Pacific Stock Exchange
The first U.S. stock exchange to demutualize, in 1999, the Pacific Stock Exchange was a regional stock exchange located in San Francisco, California. It was acquired by the owner of the ArcaEx, Archipelago Holdings, on Sept. 27, 2005, which in turn was bought by the New York Stock Exchange.
History[edit]
The Pacific Stock Exchange was founded in 1882 as the San Francisco Stock and Bond Exchange, just seven years before the Los Angeles Oil Exchange was founded. In 1957 the two exchanges merged to form the Pacific Coast Stock Exchange.
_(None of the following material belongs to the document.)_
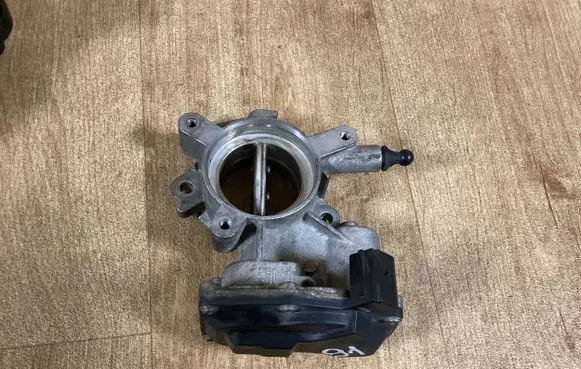 Opel Insignia A Throttle valve 503293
However, trading floors were maintained in both cities. A name change to the Pacific Stock Exchange took place in 1973. Options trading began three years later. In 1997 the word "Stock" was dropped from the Pacific Stock Exchange name.
By 1999 roughly five percent of the 17.5 million shares traded daily on the exchange involved personal contact between a buyer and seller on the exchange floor as markets became substantially more electronic in nature.[1]
In 2001 the Los Angeles trading floor was closed, and in 2002 the San Francisco trading floor closed as well.
Pacific Exchange equities trading now takes place exclusively through NYSE Arca (formerly known as ArcaEx), an electronic communications network (ECN). Its former trading floor on the corner of Sansome and Pine Street in San Francisco's financial district was sold to private developers and converted into a fitness club. This real estate conversion also occurred in Chicago when Chicago Mercantile Exchange moved from its quarters at 444 West Jackson Boulevard to Wacker Drive.
In 2003 the Pacific Exchange launched PCX Plus, an electronic options trading platform.
On September 27, 2005, the Pacific Exchange was bought by the owner of the ArcaEx, Archipelago Holdings, which in turn was bought by the New York Stock Exchange in 2006. The New York Stock Exchange Group, Inc., now NYSE Euronext, conducts no business operations under the name Pacific Exchange, essentially ending its separate identity.